What you have to do: Exactly the lines below from the one with "Vintage Ribbed Coupe" up to and including the one with "Premium set of" make up the answer, with nothing else added.

Web page caption snippets
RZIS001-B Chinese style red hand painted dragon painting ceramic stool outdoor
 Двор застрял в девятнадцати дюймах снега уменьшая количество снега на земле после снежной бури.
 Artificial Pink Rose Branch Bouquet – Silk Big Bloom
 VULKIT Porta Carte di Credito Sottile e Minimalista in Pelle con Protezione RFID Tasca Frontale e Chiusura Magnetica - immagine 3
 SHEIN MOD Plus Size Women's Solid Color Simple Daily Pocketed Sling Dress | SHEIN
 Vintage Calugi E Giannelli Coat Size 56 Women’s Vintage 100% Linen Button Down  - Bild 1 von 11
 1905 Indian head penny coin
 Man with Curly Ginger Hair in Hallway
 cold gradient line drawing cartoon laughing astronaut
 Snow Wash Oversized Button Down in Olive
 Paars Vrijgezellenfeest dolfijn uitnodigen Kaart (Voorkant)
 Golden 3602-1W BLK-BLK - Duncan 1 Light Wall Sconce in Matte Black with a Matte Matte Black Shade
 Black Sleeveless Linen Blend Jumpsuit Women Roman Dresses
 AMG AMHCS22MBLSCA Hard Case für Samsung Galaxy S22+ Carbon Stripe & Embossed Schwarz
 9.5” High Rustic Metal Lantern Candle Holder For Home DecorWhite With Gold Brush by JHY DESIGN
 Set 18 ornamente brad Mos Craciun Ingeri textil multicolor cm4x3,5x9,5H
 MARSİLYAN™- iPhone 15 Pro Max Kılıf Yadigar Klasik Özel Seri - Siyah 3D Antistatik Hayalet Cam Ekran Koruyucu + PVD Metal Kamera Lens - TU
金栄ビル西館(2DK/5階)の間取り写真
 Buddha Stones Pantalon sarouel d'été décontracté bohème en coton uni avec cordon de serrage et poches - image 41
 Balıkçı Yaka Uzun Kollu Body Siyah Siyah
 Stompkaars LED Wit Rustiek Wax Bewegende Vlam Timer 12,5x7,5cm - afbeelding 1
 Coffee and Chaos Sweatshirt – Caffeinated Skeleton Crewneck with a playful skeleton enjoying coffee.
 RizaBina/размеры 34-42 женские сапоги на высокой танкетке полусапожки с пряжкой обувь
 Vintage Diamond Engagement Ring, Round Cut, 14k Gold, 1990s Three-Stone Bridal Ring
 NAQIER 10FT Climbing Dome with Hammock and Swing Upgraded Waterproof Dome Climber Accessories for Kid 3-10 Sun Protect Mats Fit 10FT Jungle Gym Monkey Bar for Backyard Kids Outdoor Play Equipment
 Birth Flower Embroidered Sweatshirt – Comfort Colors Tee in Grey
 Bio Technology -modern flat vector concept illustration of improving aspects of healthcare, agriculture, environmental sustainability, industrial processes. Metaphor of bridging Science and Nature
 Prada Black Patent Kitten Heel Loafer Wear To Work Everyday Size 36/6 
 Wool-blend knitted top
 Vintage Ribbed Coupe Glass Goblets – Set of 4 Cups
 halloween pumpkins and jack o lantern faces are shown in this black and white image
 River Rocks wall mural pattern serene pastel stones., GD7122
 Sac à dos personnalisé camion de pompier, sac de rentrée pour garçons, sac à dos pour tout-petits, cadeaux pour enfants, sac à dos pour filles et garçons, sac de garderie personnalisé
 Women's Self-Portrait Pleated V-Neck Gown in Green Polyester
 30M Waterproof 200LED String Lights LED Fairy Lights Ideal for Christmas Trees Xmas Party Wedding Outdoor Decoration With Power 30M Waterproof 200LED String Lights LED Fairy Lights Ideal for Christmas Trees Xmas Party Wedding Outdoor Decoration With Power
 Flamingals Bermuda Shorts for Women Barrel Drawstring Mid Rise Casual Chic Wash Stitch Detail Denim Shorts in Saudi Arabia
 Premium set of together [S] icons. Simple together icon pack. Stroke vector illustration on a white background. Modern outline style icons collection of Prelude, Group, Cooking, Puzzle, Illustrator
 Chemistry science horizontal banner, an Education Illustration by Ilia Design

Reply:
 Vintage Ribbed Coupe Glass Goblets – Set of 4 Cups
 halloween pumpkins and jack o lantern faces are shown in this black and white image
 River Rocks wall mural pattern serene pastel stones., GD7122
 Sac à dos personnalisé camion de pompier, sac de rentrée pour garçons, sac à dos pour tout-petits, cadeaux pour enfants, sac à dos pour filles et garçons, sac de garderie personnalisé
 Women's Self-Portrait Pleated V-Neck Gown in Green Polyester
 30M Waterproof 200LED String Lights LED Fairy Lights Ideal for Christmas Trees Xmas Party Wedding Outdoor Decoration With Power 30M Waterproof 200LED String Lights LED Fairy Lights Ideal for Christmas Trees Xmas Party Wedding Outdoor Decoration With Power
 Flamingals Bermuda Shorts for Women Barrel Drawstring Mid Rise Casual Chic Wash Stitch Detail Denim Shorts in Saudi Arabia
 Premium set of together [S] icons. Simple together icon pack. Stroke vector illustration on a white background. Modern outline style icons collection of Prelude, Group, Cooking, Puzzle, Illustrator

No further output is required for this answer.